> **Exercise data**:
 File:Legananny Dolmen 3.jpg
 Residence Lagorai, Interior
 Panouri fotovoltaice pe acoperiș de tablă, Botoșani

> **What is expected**: Repeat back all of the material, character for character.

> **Finished exercise**:
 File:Legananny Dolmen 3.jpg
 Residence Lagorai, Interior
 Panouri fotovoltaice pe acoperiș de tablă, Botoșani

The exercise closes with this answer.